Para ello, Hun Sen ha clausurado estaciones de radio y emisiones subvencionadas por Estados Unidos, así como periódicos hostiles al régimen; acabando así una prensa relativamente libre, una anomalía en la región. En Vietnam, Laos o Tailandia casi todos los medios de comunicación nacionales están bajo control gubernamental.
Los disidentes están siendo perseguidos y acusados de diversos delitos. Kem Sokha, líder del principal partido de la oposición, Rescate Nacional de Camboya, fue arrestado acusado de traición, espionaje y de planear la toma del poder con la ayuda de EEUU. Muchos parlamentarios del partido han huido del país. En paralelo, el gobierno desarrolla procedimientos legales que permitan disolver el partido, y así arrebatarle sus escaños en el Parlamento. El gobierno camboyano también ha clausurado una organización estadounidense que fomentaba las instituciones democráticas.
Usando la carta de la seguridad nacional para enmascarar su voluntad de aferrarse al poder, Hun Sen no ha dudado en emplear la violencia y la intimidación con el objetivo de acabar con el incipiente multipartidismo y pluralidad camboyanos. Tanto el primer ministro como su partido temen que unas elecciones libres puedan apartarlos del poder.

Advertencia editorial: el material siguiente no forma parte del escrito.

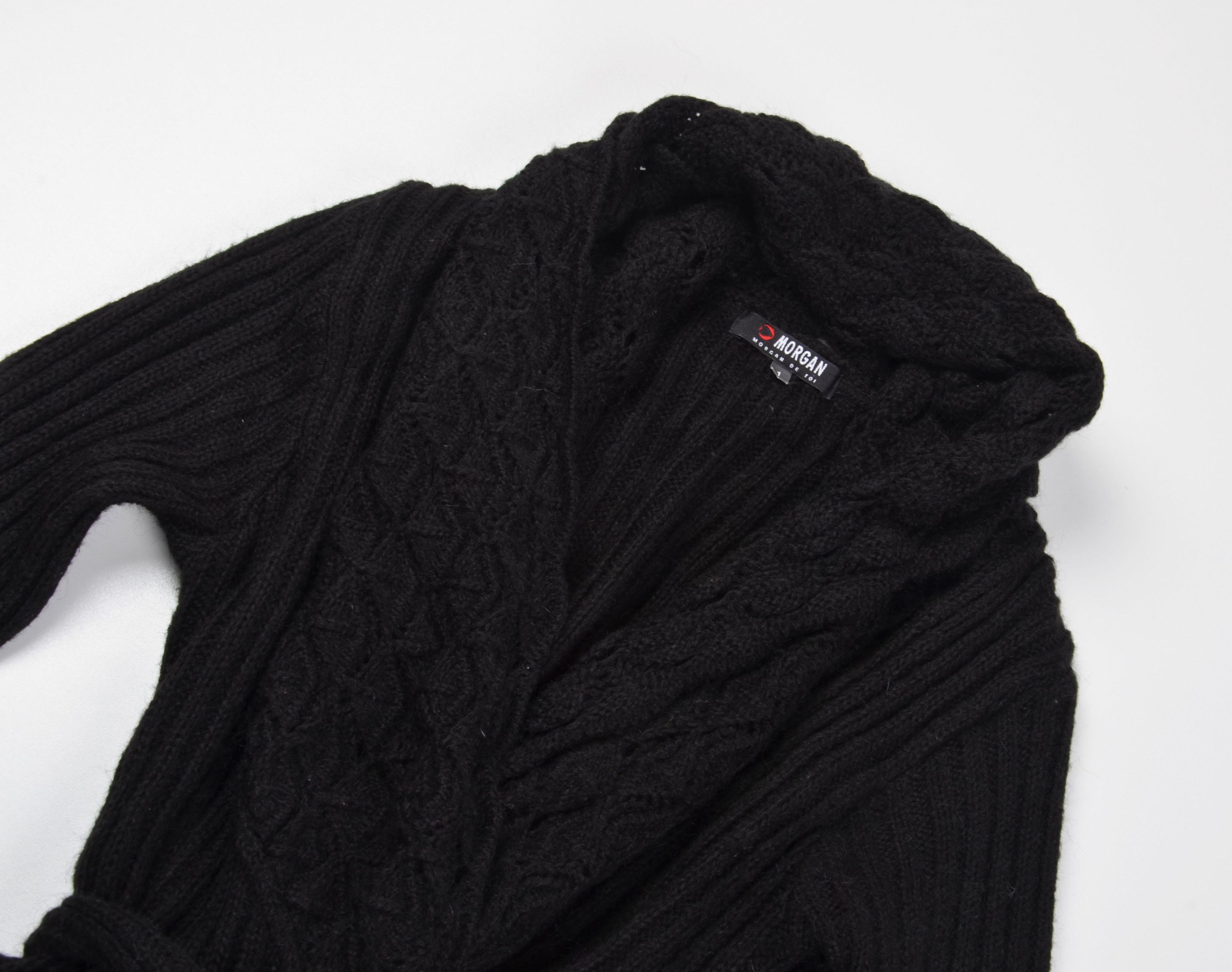 Morgan De Toi Vintage Morgan de Toi Y2K Mohair Blend Wrap Cardigan Size S / US 4 / IT 40 - 5 Thumbnail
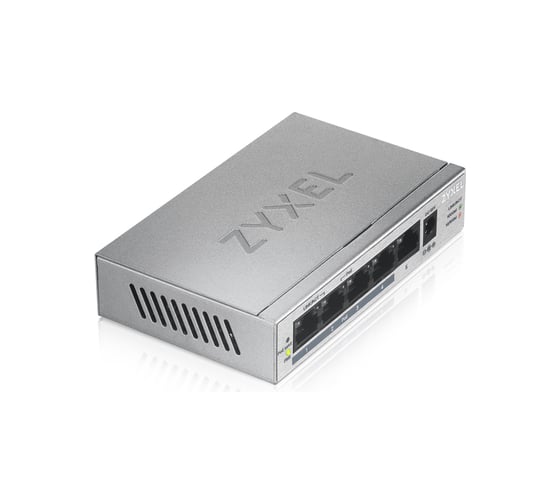 Коммутатор Zyxel PoE+ GS1005HP, 5xGE 4xPoE+ GS1005HP-EU0101F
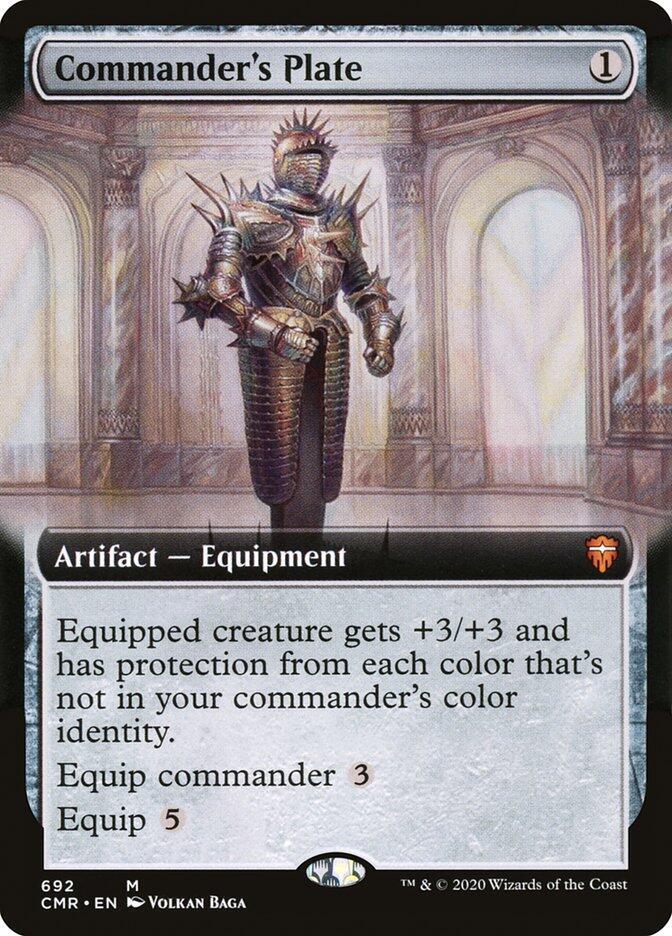 Commander's Plate (Extended Art) (692) [Commander Legends] [Extended Art]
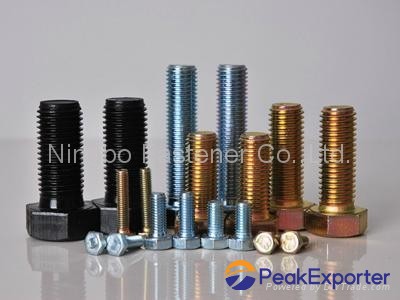 Hex Tap Bolts Hex Cap Screws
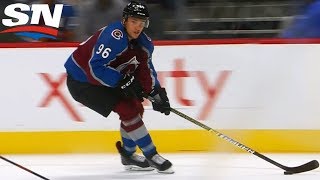 Mikko Rantanen Spots Nathan MacKinnon Backdoor With Beautiful Pass [upl. by Ettedo]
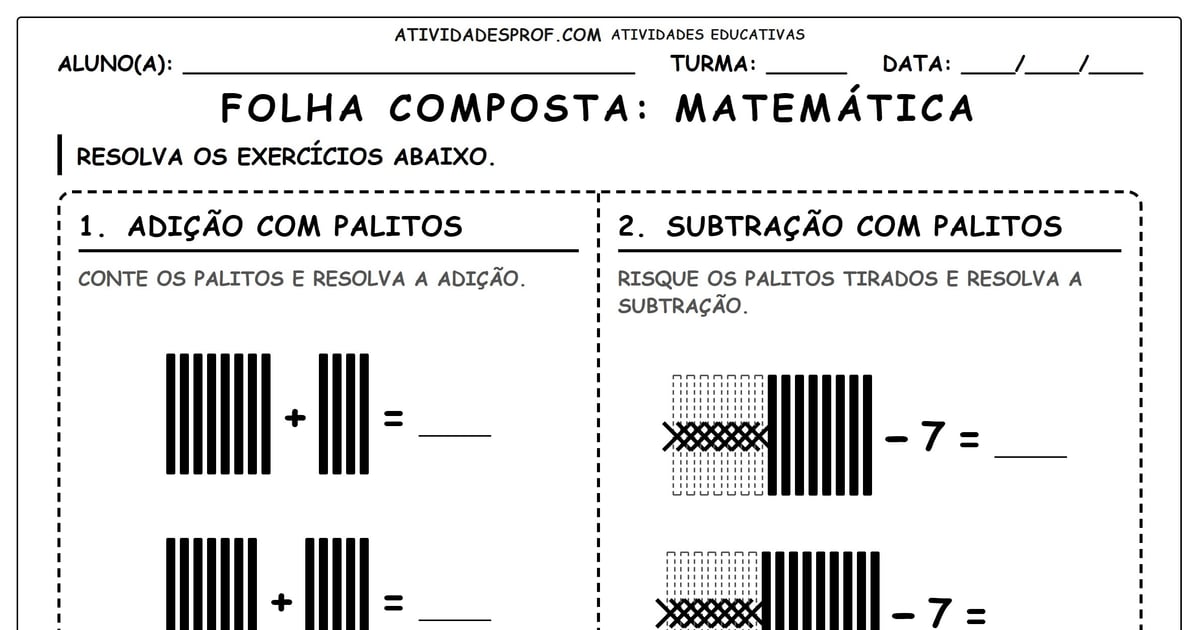 FOLHA COMPOSTA: MATEMÁTICA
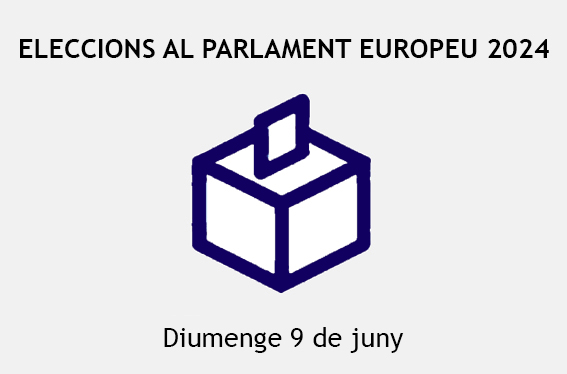 Imatge de difusió de les eleccions al Parlament Europeu - Diumenge 9 de juny.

En las generales de 2013, Rescate Nacional de Camboya tuvo mejores resultados de los esperados, duplicando sus escaños en el Parlamento. El escaso margen de victoria del oficialismo, sumado a las acusaciones de fraude electoral, provocó protestas después de los comicios. En las elecciones locales de junio de este año, el Partido de Rescate Nacional de Camboya volvió a cosechar buenos resultados. Ahora su participación en las generales de 2018 está, obviamente, en el aire.
El mutismo de los países occidentales y el apoyo chino han permitido a Hun Sen ejercer la mano dura. Durante décadas, las tendencias autocráticas del antiguo jemer rojo se habían visto limitadas por su necesidad de ayuda occidental, condicionada a la promoción de valores democráticos como el buen gobierno, los derechos humanos y las libertades políticas. Hun Sen y su partido desempeñaron bien su papel de gobernantes demócratas, y durante un tiempo supieron maquillar sus abusos de los derechos humanos y tolerar la suficiente libertad de expresión para generar la imagen de una democracia legitima.
Pero con las inversiones chinas, Hun Sen ya no necesita el apoyo de EEUU y otros países occidentales. En los últimos años, Pekín no solo ha aportado ayuda y préstamos a Camboya, sino que lo apoya oficialmente en sus esfuerzos por emantener la seguridad nacional y la estabilidad. A cambio, claro, de que Camboya se alinee con China en las cuestiones regionales.
Ante tal situación, grupos de derechos humanos como Human Rights Watch llaman la atención sobre la deplorable situación y apelan a la comunidad internacional para que se tomen medidas que garanticen los derechos civiles y políticos de los ciudadanos camboyanos. Por el momento, a Hun Sen no le tiembla la mano en su búsqueda de “estabilidad”.